EXERCISE: Reproduce the listing below in full and exactly; no pictures belong in the copy.

==== INPUT FOR THIS TASK

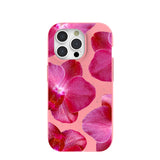 Bubblegum Pink Pink Orchids iPhone 15 Pro Case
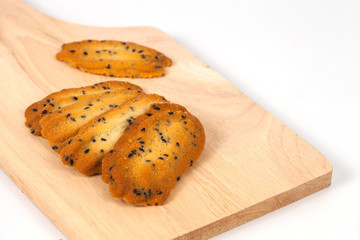 Home made a small sweet cookie with black sesame,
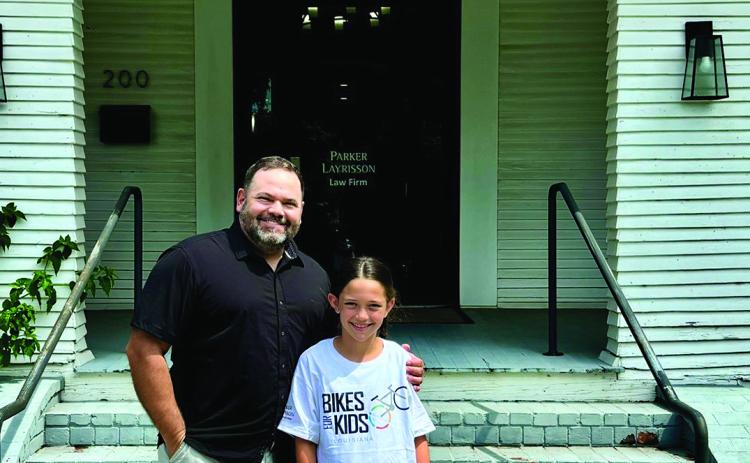 Bikes for Kids winner Adeline Gaudin, 8, and Parker Layrisson (Courtesy Photo)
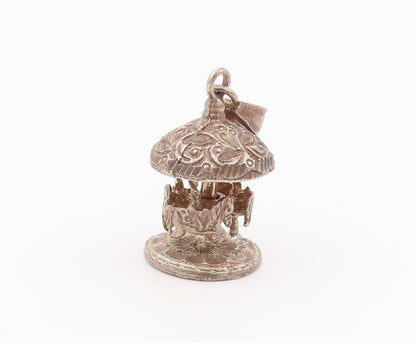 925 Sterling Silver Vintage Pendant STEFANI ARGENTO Spinning Carousel  PT26395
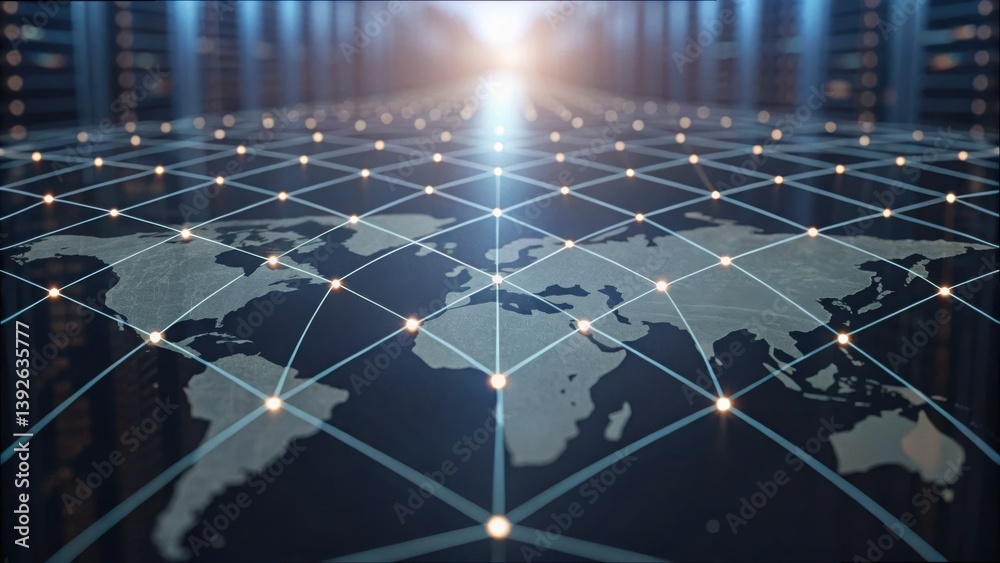Aufkleber Global Network Grid Map in Gigapixel Standard Visualization Version 2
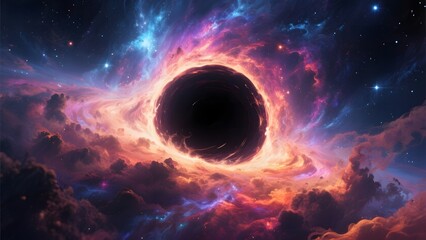 Naklejka premium Vibrant Cosmic Scene Featuring a Black Hole Surrounded by Nebulae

========

SOLVED PROBLEM:
 Bubblegum Pink Pink Orchids iPhone 15 Pro Case
 Home made a small sweet cookie with black sesame,
 Bikes for Kids winner Adeline Gaudin, 8, and Parker Layrisson (Courtesy Photo)
 925 Sterling Silver Vintage Pendant STEFANI ARGENTO Spinning Carousel  PT26395
Aufkleber Global Network Grid Map in Gigapixel Standard Visualization Version 2
 Naklejka premium Vibrant Cosmic Scene Featuring a Black Hole Surrounded by Nebulae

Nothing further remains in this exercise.